*** DATA LISTING Section Begins ***

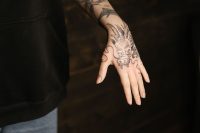 Mano con un tatuaje de dragón en tinta negra con gran detalle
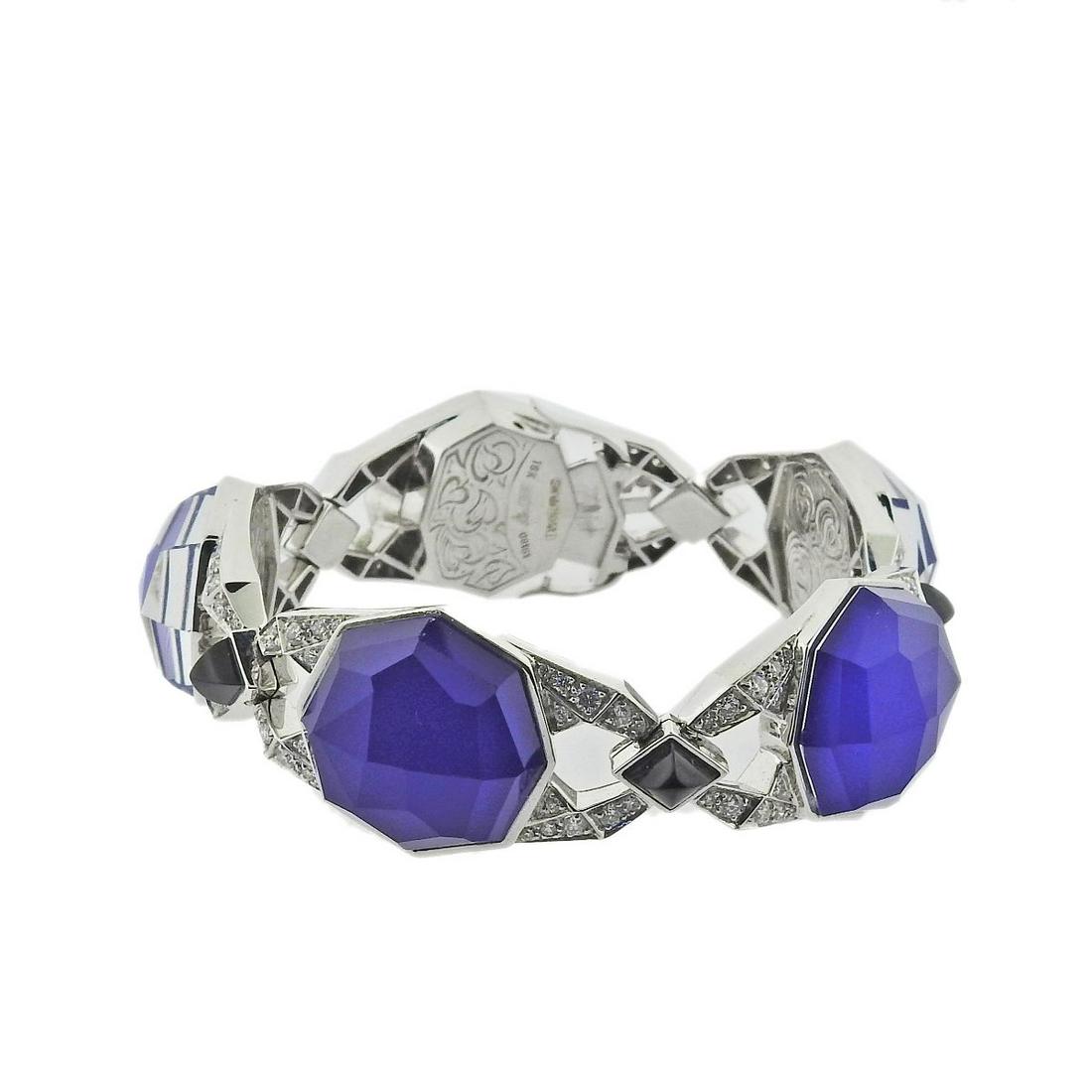 Stephen Webster 18k Gold Lapis Crystal Diamond Onyx Bracelet: Metal : 18k Gold Designer : Stephen Webster Gemstone : Lapis under Crystal, Onyx, Diamonds approx. 1.00ctw Measurements : Bracelet is 6.5" long and 20mm wide Marked: : 18k, SW, English marks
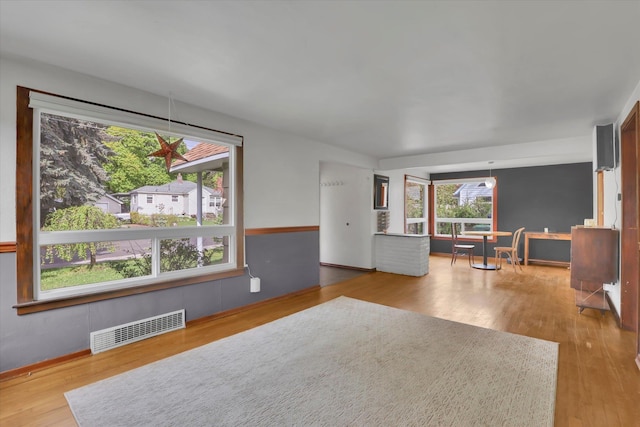 living area featuring visible vents and wood finished floors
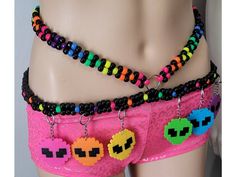 This kandi belt is made with neon pony beads and alien perlers. Glows under blacklight! Includes one kandi belt. Harness sold separately. One size fits most. This item ties in the back & around neck for easy adjusting. This Item is premade and is ready to ship! Perfect for any event! You will get lots of compliments in this unique wearable art! Stand out at your next event! Edm festival  Raves Party  Rave outfit  Festival outfit Pride Mardi gras Rave gift  Rave birthday Glow party Hypercore Outfits, Neon Rave Outfits Ideas, Edc Kandi Ideas, Kandi Outfits, Kandi Leg Garter, Kandi Rave, Kandi Clothing, Kandi Harness Tutorial, Kandi Belt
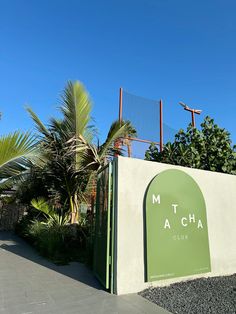 the entrance to mt macha club with palm trees and blue sky in the background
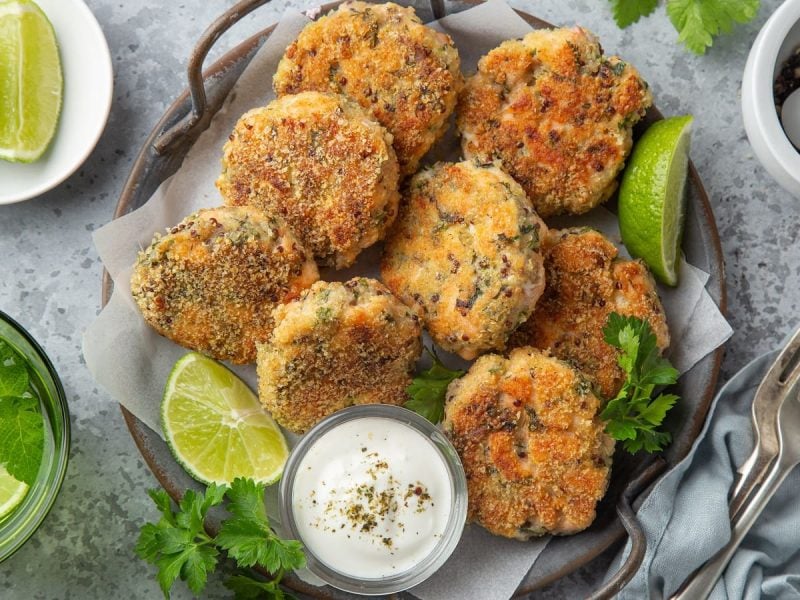 Ein Teller mit Lachs-Quinoa-Patties, frischen Limetten und einem Dip.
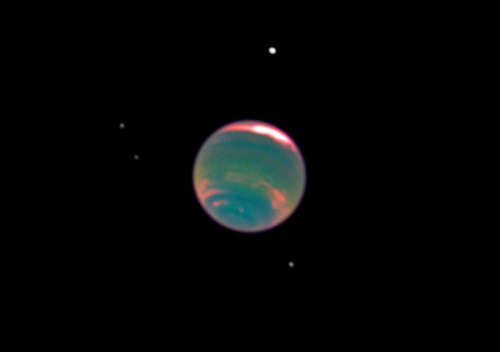 View of Neptune in the infrared, showing bands of methane in its atmosphere captured by the Hubble S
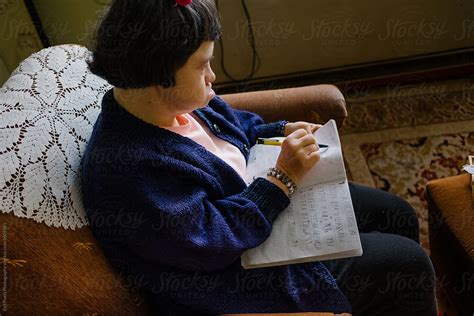 Woman With Down S Syndrome Writing In Her Notebook Del Colaborador De Stocksy Branislava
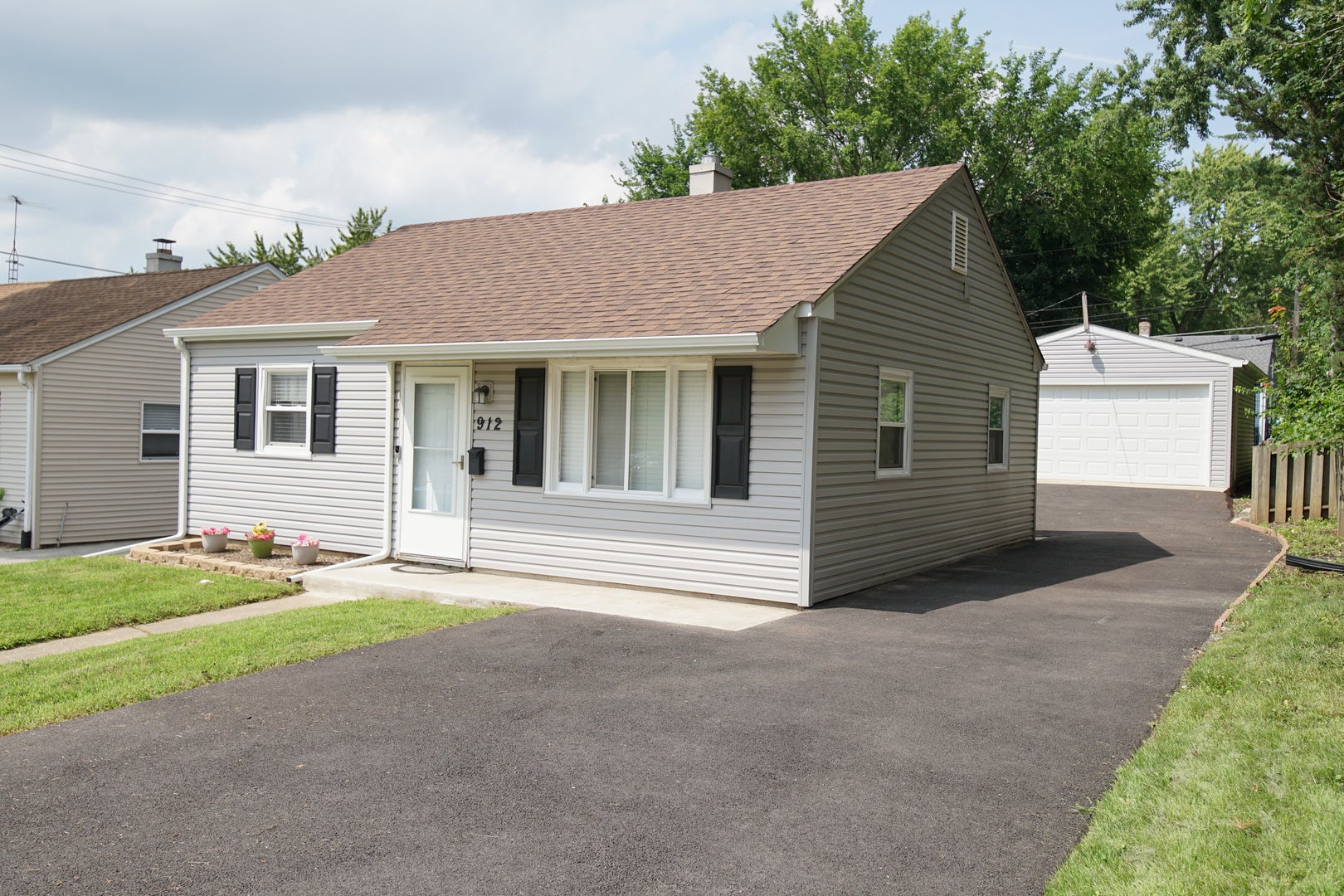 New driveway with additional parking in front.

*** DATA LISTING Section Ends ***

# [EXERCISE PROMPT]
For the data above, return an exact copy that contains no pictures.

# [RESPONSE]
 Mano con un tatuaje de dragón en tinta negra con gran detalle
 Stephen Webster 18k Gold Lapis Crystal Diamond Onyx Bracelet: Metal : 18k Gold Designer : Stephen Webster Gemstone : Lapis under Crystal, Onyx, Diamonds approx. 1.00ctw Measurements : Bracelet is 6.5" long and 20mm wide Marked: : 18k, SW, English marks
 living area featuring visible vents and wood finished floors
 This kandi belt is made with neon pony beads and alien perlers. Glows under blacklight! Includes one kandi belt. Harness sold separately. One size fits most. This item ties in the back & around neck for easy adjusting. This Item is premade and is ready to ship! Perfect for any event! You will get lots of compliments in this unique wearable art! Stand out at your next event! Edm festival  Raves Party  Rave outfit  Festival outfit Pride Mardi gras Rave gift  Rave birthday Glow party Hypercore Outfits, Neon Rave Outfits Ideas, Edc Kandi Ideas, Kandi Outfits, Kandi Leg Garter, Kandi Rave, Kandi Clothing, Kandi Harness Tutorial, Kandi Belt
 the entrance to mt macha club with palm trees and blue sky in the background
 Ein Teller mit Lachs-Quinoa-Patties, frischen Limetten und einem Dip.
 View of Neptune in the infrared, showing bands of methane in its atmosphere captured by the Hubble S
 Woman With Down S Syndrome Writing In Her Notebook Del Colaborador De Stocksy Branislava
 New driveway with additional parking in front.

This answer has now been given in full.